THE SKED SEASON PREMIERE REVIEW: “Downton Abbey”

 

Ah yes… the clink of silver on fine china, the lords and ladies sitting down to dinner in their best evening dress, the barely perceptible rustle of servants smoothly executing their duties behind the scenes–it’s all back.  America’s favorite TV vacation destination (certainly more appealing than the Hamptons of ABC’s competing Revenge, a place that becomes more cuckoo every week) is the 1920 England of DOWNTON ABBEY, the PBS blockbuster that’s back for its third season.

Downton fumbled a bit last year–the Canadian imposter storyline was the show’s version of that time Landry killed the guy on Friday Night Lights–but the 2-hour Season 3 premiere, written by series creator Julian Fellowes and directed by Brian Percival, seems to be putting it very much back on track.  The season picks up shortly after it left off last year with the rhapsodic, snowy proposal (finally!) of romantic lead Matthew Crawley (Dan Stevens), reluctant potential heir of Downton due to British law, to the love of his life and distant cousin, strong-willed Lady Mary (Michele Dockery).  When we rejoin the family, it’s a week or so before the nuptials, providing an opportunity for what no one at Downton would ever call the whole mishpocheh to come together, including black sheep daughter Lady Sybil (Jessica Brown Findlay) and her scandalous ex-chauffeur Irish husband Branson (Allen Leech).  Even the previously-unseen Martha Levinson (Shirley MacLaine), filthy rich American mother of Cora, Countess of Grantham (Elizabeth McGovern), has arrived for the big event.

Of course, there must be drama, and the key crisis of the season goes back to the original thrust of the series, the possible upheaval of the family from its ancestral home.  This time, rather than the inability of Robert, Earl of Grantham (Hugh Bonneville) to leave the estate to his daughters (who also include Laura Carmichael as the desperately single Lady Edith), the problem is more prosaic:  Robert has invested his entire fortune–which is to say Cora’s entire fortune–in a Canadian railway line that went bust, and consequently the Crawleys may not be able to pay the upkeep on Downton.  As it happens, Matthew is about to come into a(nother) inheritance that would solve that problem tidily, but Matthew is the most conscious-stricken man in all of England, and since the fortune comes from the father of the girl he left for Lady Mary, he refuses to accept it.  Well, bother.  This forces Mary and her paternal grandmother, the endlessly estimable Dowager Countess (Maggie Smith), to try and milk Martha for the funds.

There’s no shortage of trouble below-stairs as well, what with the arrival of new footman/valet Alfred (Matt Milne), a relative of always-scheming O’Brien (Siobhan Finneran), which leads to some resentment from the house’s other weasel, Thomas (Rob James-Collier), and–deliciously–the first open warfare between the two of them.  Plus there’s health trouble for Mrs.

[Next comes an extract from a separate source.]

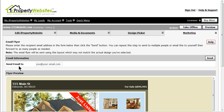In the Send Email To field, type in the email address of the person that you would like to send the flyer to and click Send. If you would like to send the flyer to multiple people, email the flyer to yourself and distribute it through your personal email account.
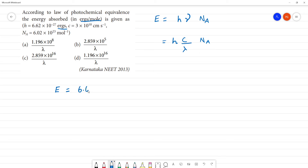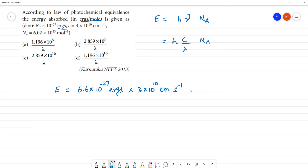Energy is equal to 6.6 into 10 to the power minus 27 ergs, multiplied by C which is 3 into 10 to the power 10 centimeter second inverse, multiplied by Avogadro's number 6.02 into 10 to the power 23 mole inverse. So we have H times C times Nₐ divided by the lambda value.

Hughes (Phyllis Logan) and, of course, the never ending misery of unjustly convicted murderer and former valet Bates (Brendan Coyle) and his loyal, loving wife Anna (Joanne Froggatt), maid to Lady Mary, who’s determined to clear his name.

Fellowes’ gift and inspiration was to take the old-fashioned melodrama of classic English manor house sagas and move it at double-speed, preserving the traditional appeal of stories about true love and property rights but with a modern, more accessible pace.  The undercurrent of the show is the revolution that’s just beginning to destroy the centuries-old lifestyle of its characters, and that revolution is evident in the style of the series itself, which hurtles from one mini-cliffhanger to the next.  Downton almost never seems to strain–with the exception of its efforts to keep Bates in the story, a lugubrious plot that feels like it’s still around because no one can figure out quite how to get rid of it.

As good as Fellowes’ writing is, he’s blessed with a spectacular cast.  The actors are all so assured and emotionally committed to their parts that it comes as a small shock when people like Bonneville and Dockery turn up in modern-day roles (it’s as though there’s been a quiet incidence of time travel).  Smith, of course, is an institution unto herself; there may not be another performer on earth who can bring the same humor and imperious authority to the line “Are you quite finished?” that she can.  Smartly, while bringing in MacLaine as her American counterpart, Fellowes doesn’t try to make her match Smith zinger for zinger, giving her a more wryly distanced amusement at the British and their antics.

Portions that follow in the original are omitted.